Como era de esperar, todos nos asombramos de esa imagen y tanto el gerente como yo le señalamos al alumno lo poco apropiado que era su meme en una presentación formal de ingeniería. La sesión siguió su curso, pero el tono de informalidad en lo escrito y lo hablado fue la norma en ese equipo. Cuando llegó el momento de la evaluación que, repito, solo hacían los socios formadores, el gerente no quiso pasar por alto ni el estilo ni la ocurrencia y asignó la mínima calificación aprobatoria, considerando como atenuante para no reprobarlos que el diseño mecánico era apropiado y funcional. Un buen diseño mecánico se devaluó por una mala manera de presentarlo. Cuando los alumnos se enteraron de su nota, echaban espuma por la boca y usaban reproches más o menos parecidos a los que emplea Chávez para defender su derecho a la alternancia lingüística. Aprendieron de manera cruda uno de los principios del diseño revisados en la clase: que la forma es tan importante como la función.
Chávez
defiende mucho la alternancia léxica del español, es muy combativo contra la
postura normativa que se erige en la única válida para hablar y escribir. Ciertamente,
no se es menos hablante ni menos competente cuando se utilizan variantes
regionales o sociales del español. Desmitificar el lenguaje es un esfuerzo
loable. Pero el autor no se da la oportunidad de reconocer la importancia de
los “otros” contextos sociales más formales en los que usamos el español más
allá de una conversación en Whatsapp, un video de Instagram o una situación incluyente.

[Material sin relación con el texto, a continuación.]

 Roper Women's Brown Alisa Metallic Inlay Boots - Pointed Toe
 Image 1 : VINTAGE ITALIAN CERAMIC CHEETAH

Hay ámbitos formales de la lengua que también son necesarios en
la vida de las personas (una entrevista laboral, una presentación de negocios,
la elaboración de un reporte de trabajo, la lectura de un libro, entender un
contrato, impartir una conferencia, publicar un artículo) para los cuales hay
que estar preparado igualmente.
Chávez
menciona en su conclusión que las personas son capaces de reconocer y adaptarse a los
contextos diversos de uso del español. Yo tengo mis dudas a este respecto. Creo
que esto solo ocurre en la medida que esos contextos sean reconocibles,
de interés para el hablante y estén entrenados también. A mí me pasa con el
lenguaje incluyente, porque hasta ahora no le he dado importancia ni tengo la
práctica necesaria para usarlo; y a mis alumnos les ocurre al tener que hacer
sus presentaciones y entregar sus reportes de diseño. Hay que preparase para cada caso.
La
diversidad lingüística del español es innegable, en el idioma se vale innovar e inventar
mejores maneras de expresarse. Lo que no siempre funciona es mezclar esos modos
ni pensar que la versión que uno maneja es la única válida y correcta. Hay que reconocer
la importancia de los diversos contextos de habla, los informales y los
formales, prepararse para ambos para priorizar lo adecuado de lo inadecuado en cada uno y garantizar que
la comunicación sea exitosa.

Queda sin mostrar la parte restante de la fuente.